The reply should consist solely of the lines from the one with "LEDヘッドライト 7S H1" through the final line of the listing, copied exactly, with no pictures.

Supplied information:
★ ★ ★

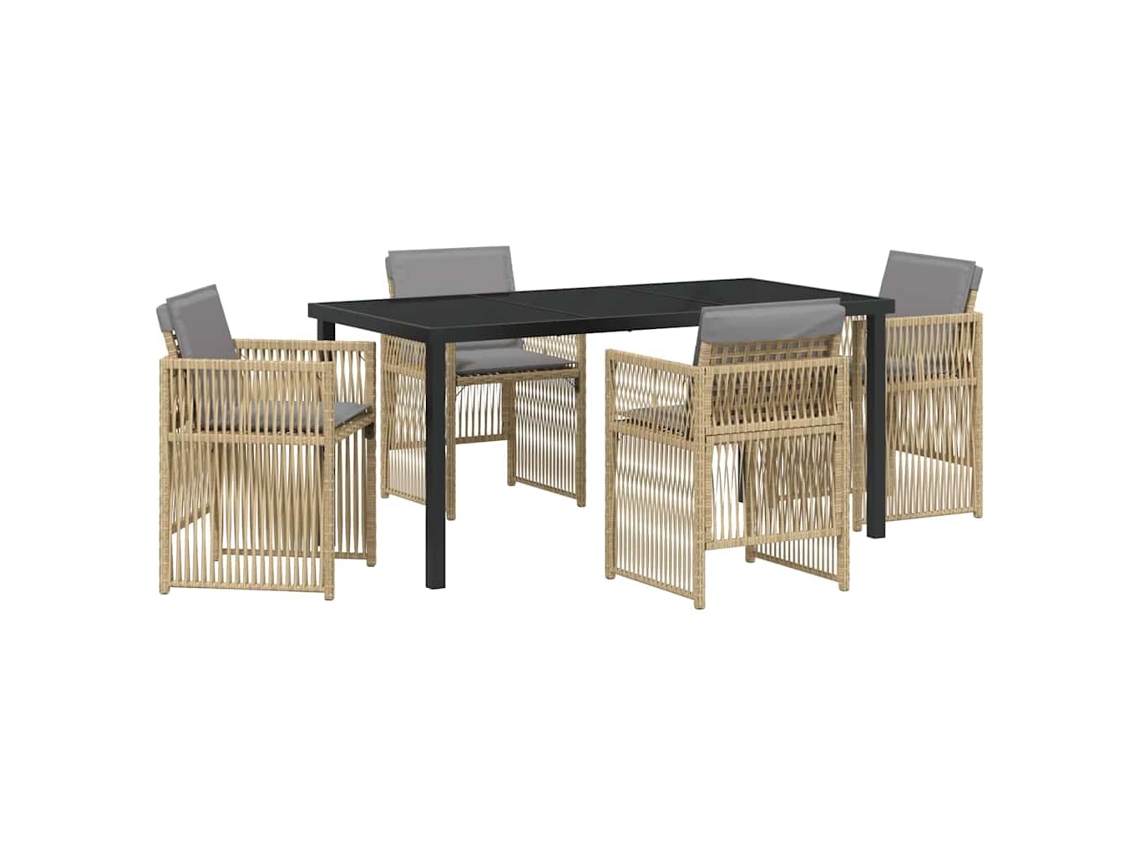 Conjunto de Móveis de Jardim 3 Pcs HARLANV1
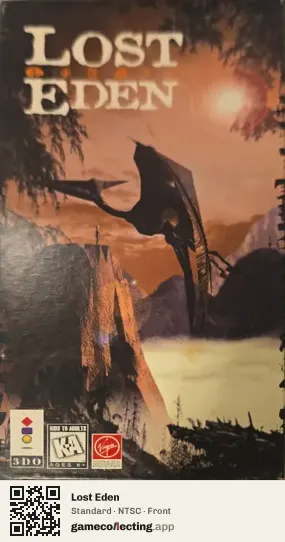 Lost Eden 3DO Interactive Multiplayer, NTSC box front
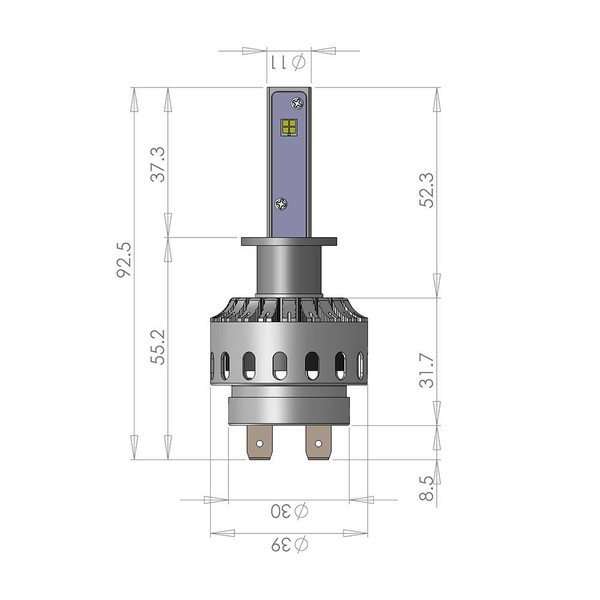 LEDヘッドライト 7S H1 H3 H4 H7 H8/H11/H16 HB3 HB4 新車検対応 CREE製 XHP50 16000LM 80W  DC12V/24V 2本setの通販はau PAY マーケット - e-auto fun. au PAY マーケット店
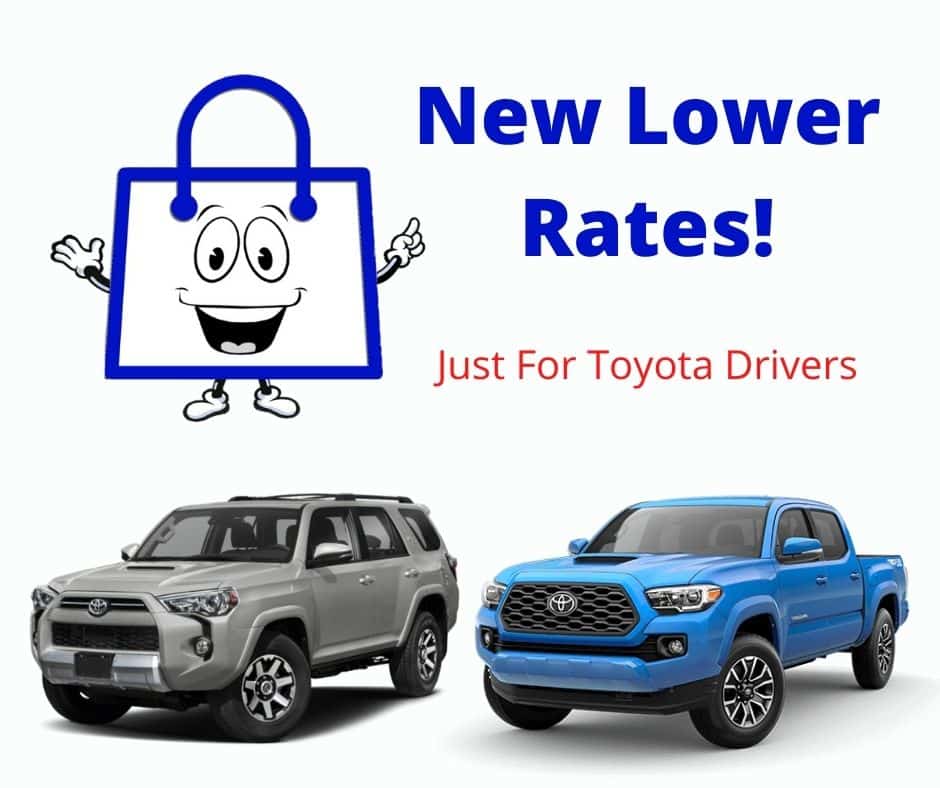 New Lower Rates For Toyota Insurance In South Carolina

★ ★ ★

Exercise output:
 LEDヘッドライト 7S H1 H3 H4 H7 H8/H11/H16 HB3 HB4 新車検対応 CREE製 XHP50 16000LM 80W  DC12V/24V 2本setの通販はau PAY マーケット - e-auto fun. au PAY マーケット店
 New Lower Rates For Toyota Insurance In South Carolina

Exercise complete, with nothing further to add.